Im still struggeling about how flink "exchanges/transffers" data between different operators and what happens with the actual data between the operators.
Take the example DAG above: DAG of execution
The DataSet gets forwarded/transferred to all parallel instances of the GroupReduce Operator, the Data gets reduced according the the GroupReduce Transformation.
All of the new Data gets forwarded to the Filter->Map->Map Operand i.e all data consumed by one of the parallel instances of the GroupReduce operator is transferred to exactly one instance of the Filter->Map->Map operator (Without need for serialization/deserialization, so the Operator accesses the data generated by the GroupReduce Operator)

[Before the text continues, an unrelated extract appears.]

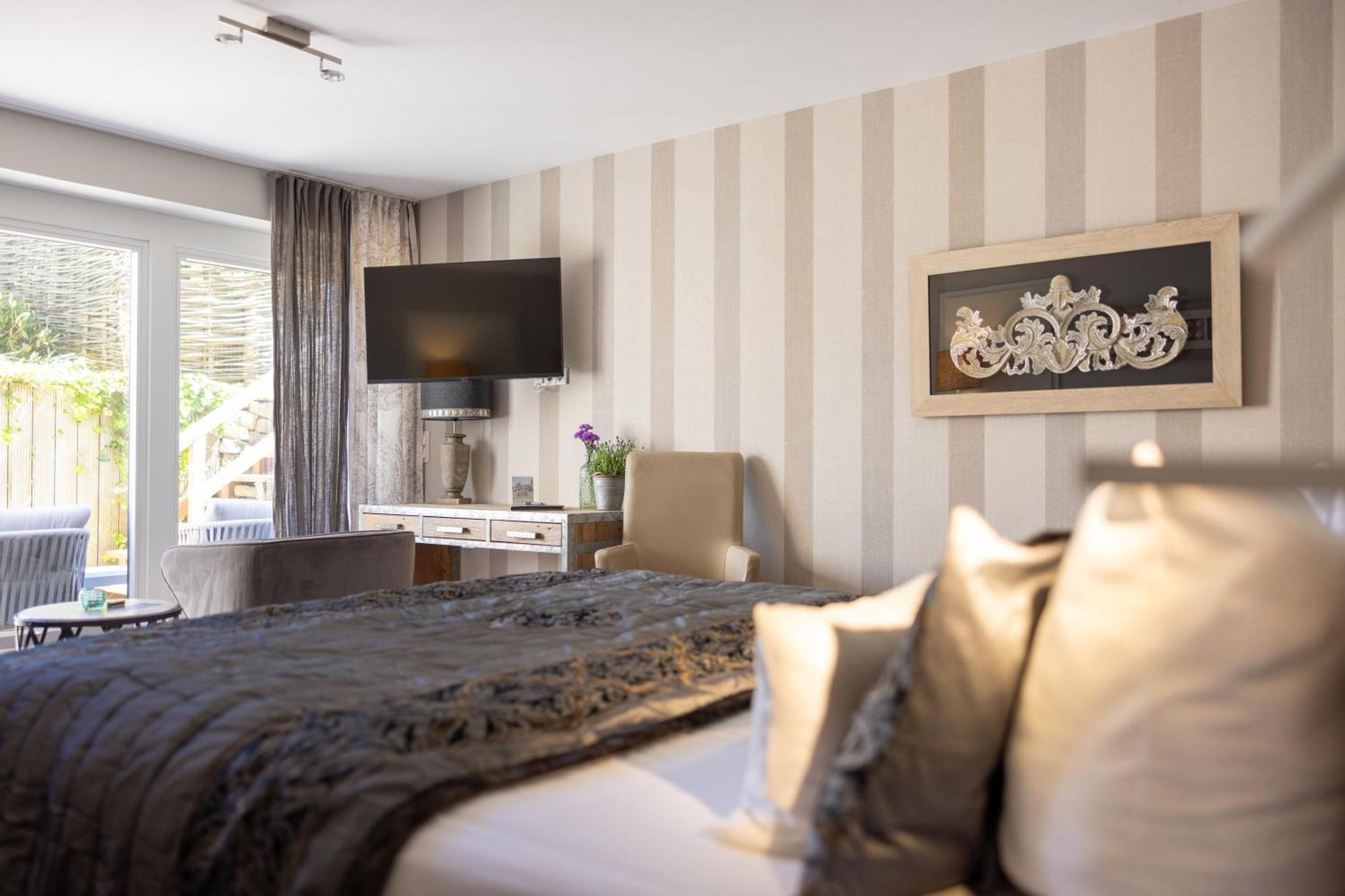 Terrace Room,1644413111:JPEG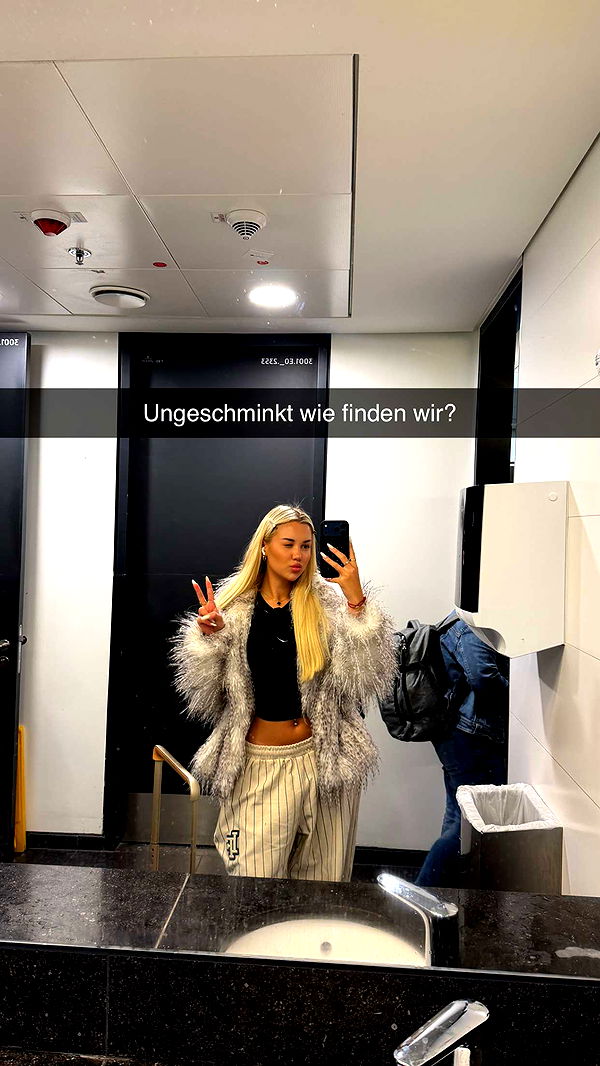 samantrasunny image ~ Altpins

All of the GroupReduces Output Data gets hashed and evenly distributed/transferred among all the parallel instances of the (Filter->Map) Operator (serialization/deserialization needed between the operators)
So if for example the the GroupReduce Operators output is about 100MB, it will forward 100MB to the (Filter->Map->Map) Operand and hashes a copy of that 100MB and transferr it to the (Filter->Map) Instances. So I will gernerate another 100MB of netwerk traffic
Im quite confused why there is so much network traffic after the GroupReduce and before the Filter Steps. Wouldnt it be better to chain the GroupRedcue and Filter steps together before sending the now reduced data to subsequent operators ?
The GroupReduce function is the same as using a combiner from MapReduce programming model.
Partial computation can significantly improve the performance of a GroupReduceFunction. This technique is also known as applying a Combiner. Implement the GroupCombineFunction interface to enable partial computations, i.e., a combiner for this GroupReduceFunction.
So, after a combiner there is always a shuffle phase/partition that connects all upstream operators to all downstream operators. Check this answer to clarify what is a combiner.